- Native to: Sweden
- Native speakers: 13,000 (2023)
- Language family: Swedish Sign Swedish Sign Language;
- Writing system: SignWriting

Language codes
- ISO 639-3: swl
- Glottolog: swed1236
- ELP: Swedish Sign Language

= Swedish Sign Language =

Official sign language of Sweden

The Swedish Sign Language word for "part-time"

Swedish Sign Language (SSL; Svenskt teckenspråk or STS) is the sign language used in Sweden. It is recognized by the Swedish government as the country's official sign language, and hearing parents of deaf individuals are entitled to access state-sponsored classes that facilitate their learning of STS. There are around 13,000 native speakers and a total of 30,000 speakers.

== History ==

Swedish sign language first came into use in 1800. It does not stem from any other languages. In fact, this self-created language went on to influence Finnish Sign Language and Portuguese Sign Language. 1809 marks the year of the first deaf school, Manillaskolan, in Sweden. It was not until 1981 that Swedish Sign Language was recognized as a national language of Sweden. However, this made Sweden one of the first countries in the world to legally recognize a sign language as such.

== Hand alphabet ==

Pär Aron Borg is credited with creating the original hand alphabet in Swedish Sign Language. This handshape system served as a foundational reference for fingerspelling in Swedish Sign Language.

The hand alphabet in Swedish Sign Language has developed since Pär Aron Borg's original creation.

| Pär Aron Borg's hand alphabet | Swedish sign language alphabet |

== Education and communication ==
Per the Education Act of 1998, deaf children are expected to be able to write in Swedish and English, in addition to expressing their thoughts in Swedish Sign Language. Thus, six state-run schools (one of which specializes in learning disabilities) have been established regionally for deaf children who cannot attend traditional comprehensive schools. Comprehensive and secondary schools in Sweden offer classes in addition to a one-year program to students to learn Swedish Sign Language as a third national language, as well as in hopes of becoming an interpreter.

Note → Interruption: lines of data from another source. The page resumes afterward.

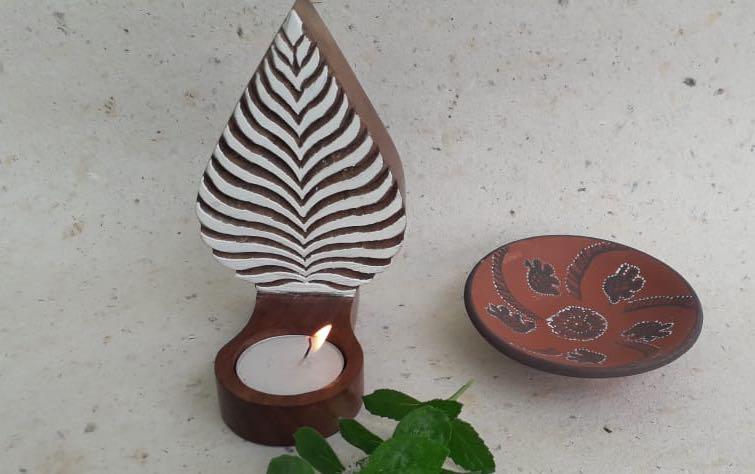 Engraved Leafy Table Cum Wall Wooden Tealight Holder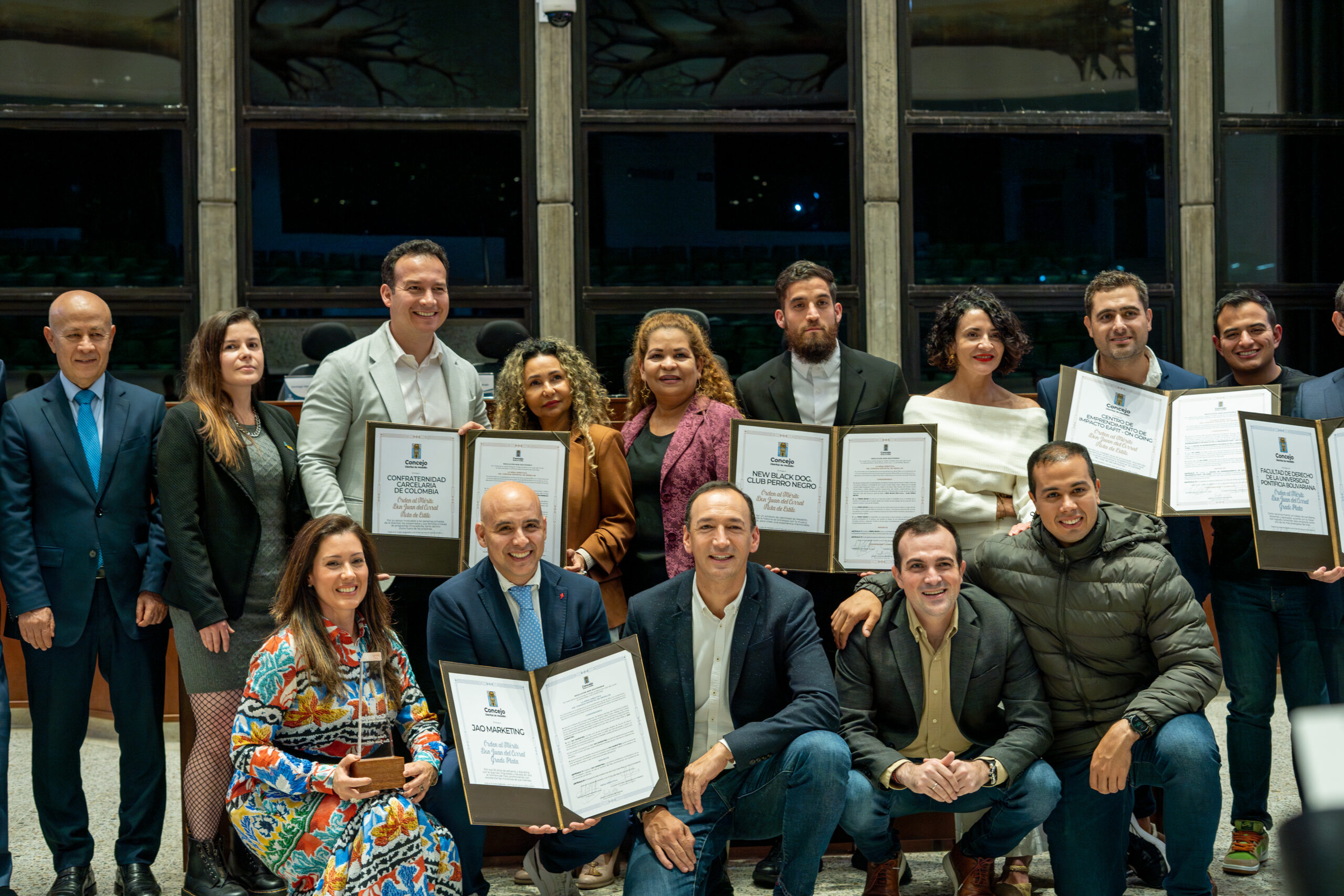 Concejal Alejandro De Bedout lideró reconocimiento a instituciones destacadas como Perro Negro y la Facultad de Derecho de la UPB por su aporte al progreso de Medellín.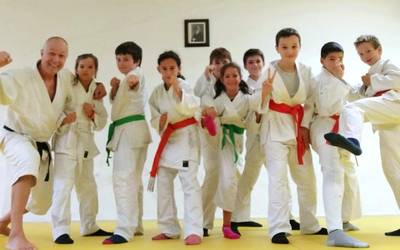 Ate irekiekin abiatuko du ikasturtea Aikido Taldeak, irailaren 6an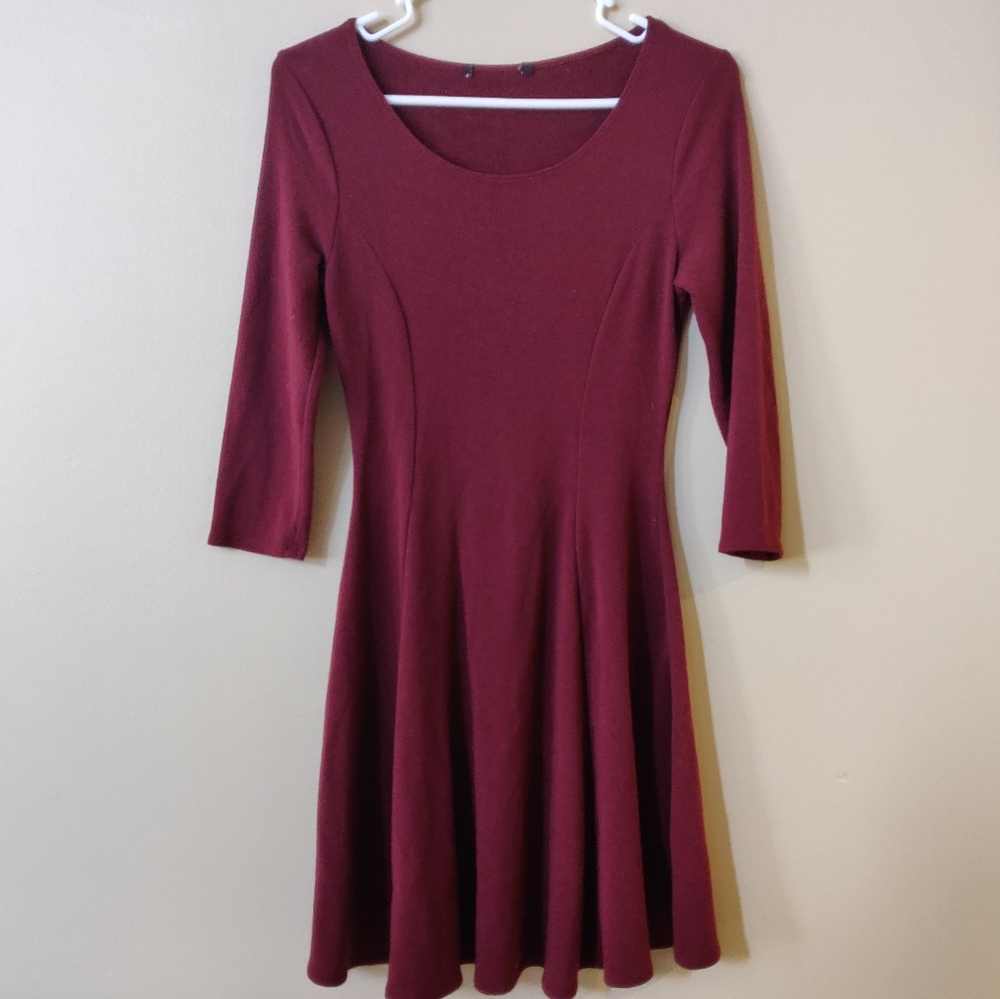 🎉3/$15🎉 H&M Maroon Skater Dress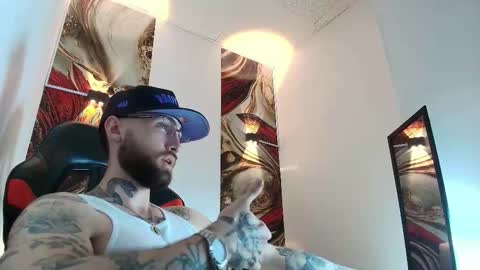 Snapshot of luke_davis01 chatting on 15, 1, 2026 LUKE online show from 15, 1, 2026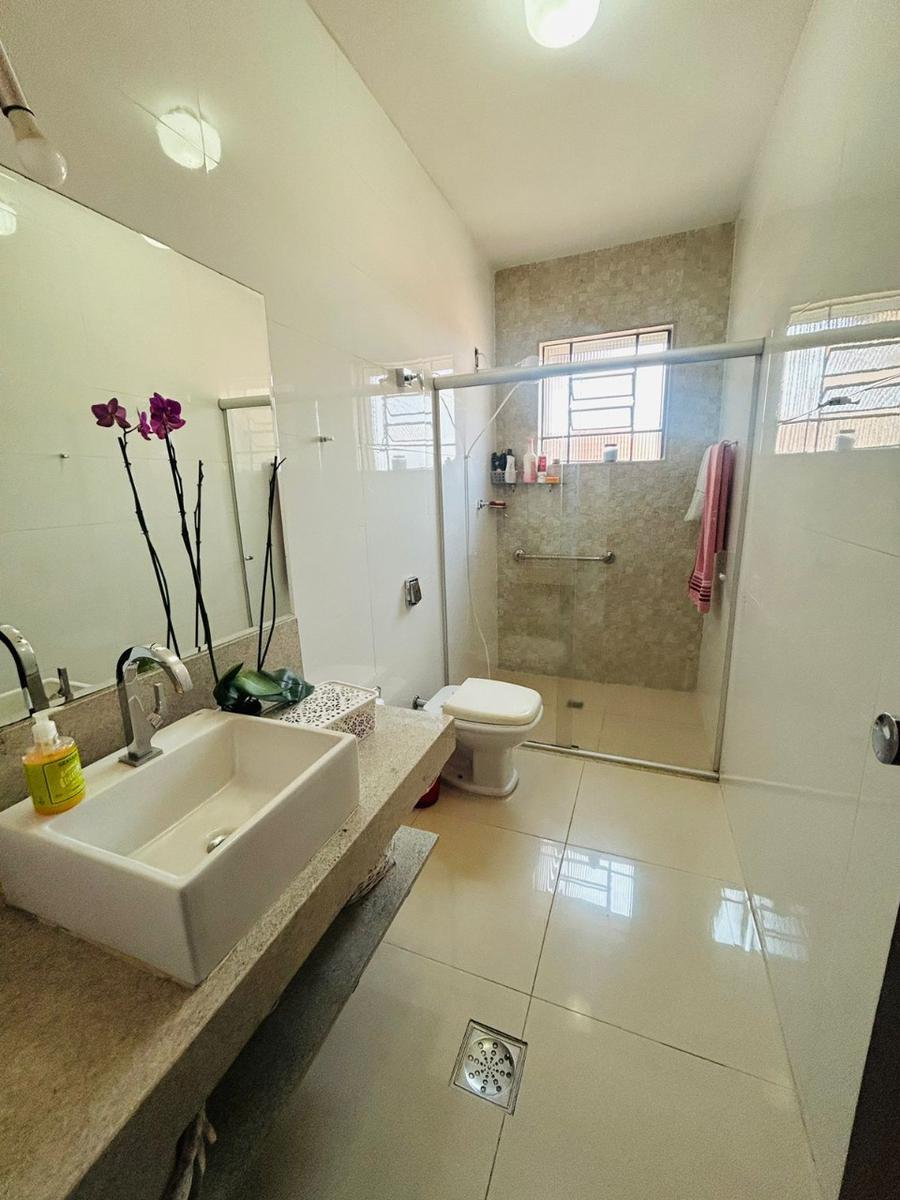 Casa, Caiçaras, 3 Quartos, 0 Vaga, 1 Suíte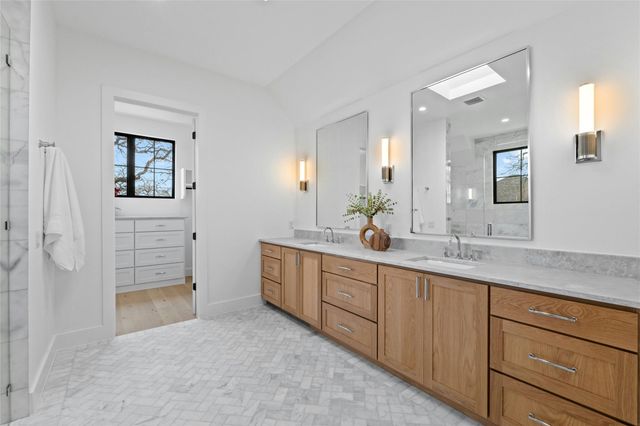 2526 Spring LN, Austin, TX 78703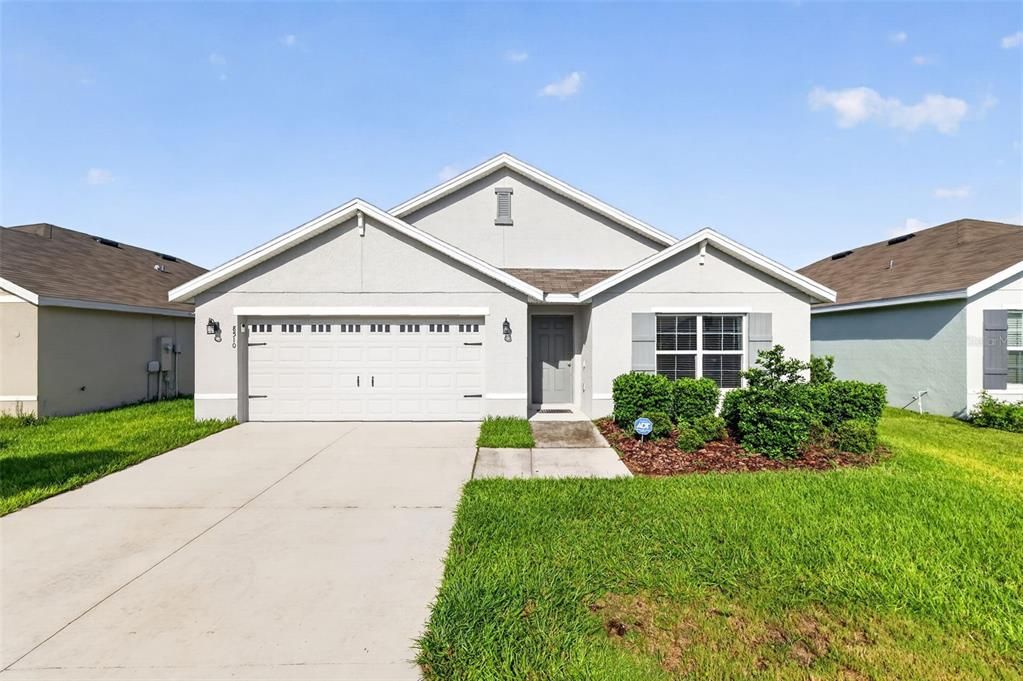 For Sale: $325,000 (4 beds, 2 baths, 1816 Square Feet)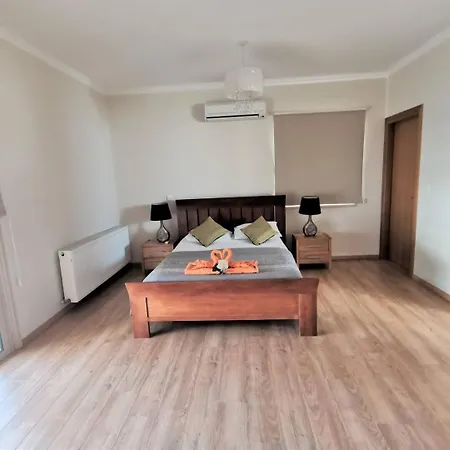 Orchard Blossom Private With Pool *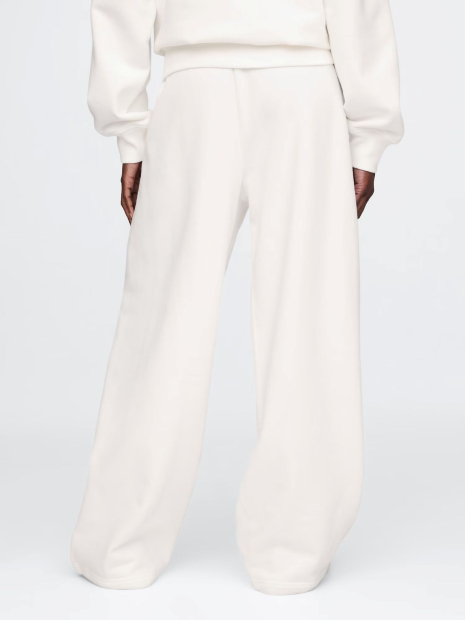 Спортивные штаны Gap Mickey Mouse флис 1159833195 (Молочный L)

Interpreters are found in hospitals, and they also teach the language to the parents and siblings of deaf children. Sweden provides 240 hours of courses over four years to parents so that they may learn to communicate with their children. Additionally, weekly courses in the language are also available to the siblings of deaf children and the children of deaf parents.

== Expanding the culture of the deaf ==
Since the recognition of Swedish Sign Language as a national language of Sweden, the Swedish government has made television shows and news broadcasts in sign language available to deaf individuals. On 29 November 2001 the first Bible was translated into Swedish Sign Language. Furthermore, the Health and Medical Service Act (1982) guaranteed interpreters for deaf and hard-of-hearing individuals in working life, in leisure and in club activities.